For plain work avoid "cross-grained" stock, as well as that having knots (which are sometimes "tight" and sometimes "loose"), as it is harder to work and to smooth, is not as strong, and does not hold its shape as well, as a rule. Sometimes it is desirable, however, on account of the beautiful figure of the grain shown in many crooked-grained pieces, as in mahogany for furniture (see Appendix). Bear in mind that when especial strength is required rift stock is best.
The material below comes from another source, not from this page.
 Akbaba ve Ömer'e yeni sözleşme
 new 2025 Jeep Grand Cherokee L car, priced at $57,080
Reject wood which smells musty, or has rusty-looking spots, which are signs of decay, or of the attack of fungi, which may spread and under favourable conditions attack other pieces which are sound (see Appendix).
Fig. 29.
Fig. 30.
Reject crooked stock. The worst form is winding or twisting. Of course no one would take such an extreme case as Fig. 29, unless for some very rough work, but even a very slight winding may make much trouble in your nice work. So look particularly for this defect, which you can often detect at once by the eye, but if your eye is not well trained use winding-sticks (see Part V.). Warped or curled stock, with the surface rounded or hollowed (Fig. 19), is also bad, but you will need no instructions to detect this defect by the eye or any straight stick. When boards are rounding on one side and hollowing on the other, it is due either to the way the log was sawed, as we have seen, or to one side having been more exposed and so having dried faster and shrunk faster than the other, causing that side to be concave, while the other became convex. Stock is sometimes crooked lengthways—either a simple bending in a curve or at an angle, or wavy (Fig. 30), or both—often due to careless "sticking" (Fig. 28) while the wood was green. Sighting lengthways will of course show these defects.
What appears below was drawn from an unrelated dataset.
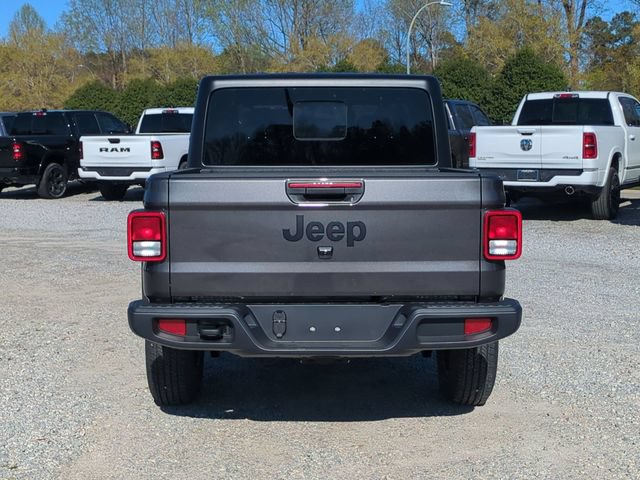 New 2026 Jeep Gladiator Sport AWD/4WD image 4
Reject stock badly checked at the ends, or cracked. There is apt to be more or less of this in most lumber. In seasoning, the pieces dry faster on the outside than in the middle, which causes checks or cracks, usually worse at the ends of the pieces, where the drying takes place most rapidly. The ends of valuable boards and planks are sometimes painted or cleated, which in a measure prevents this result. Occasionally, when the cleat is removed a crack will suddenly extend and even split the board.
Do not take a cracked or partly split board, thinking that you can use the sound end from the point where the crack appears to stop. Possibly you can, but oftentimes and in some kinds of wood it is impossible to tell before the stock is cut where the cracks end. In mahogany, for example, they sometimes are found to extend, or develop, several feet beyond where they appear to stop. Sometimes you can buy wood with such defects at a discount. Unless you are sure, however, that there is enough sound, clear wood outside of the cracks or knots, and unless the discount is pretty large, it will usually be better to buy clear, sound stock for nice work, as the waste is very apt to offset the saving, not to speak of the extra time and labour it takes to work up such material. (See Shakes in Appendix.)
Reject sapwood as far as possible, because it is usually inferior to the heartwood.
In the case of elm and young ash the sapwood is, however, superior to the heart. The heartwood is usually harder and more durable than the sapwood, heavier, of better texture, and commonly of better colour.
"The sapwood is, as a rule, darker in the whitewood class than the heartwood, whether seasoned or unseasoned, but is paler in colour in most hardwood trees which have had time to season. In some of the white, or softer woods, when fresh cut, the difference is scarcely perceptible; but exposure to the air quickly gives to the outer layers a greenish tinge, due to a species of mould fungi which attack them."—Laslett and Ward. (See also Appendix.)
When buying, do not take boards just as they happen to come from the pile. Select them yourself. Most good-natured dealers will let you do this if you do not expect them to unstack a whole pile just for one or two boards.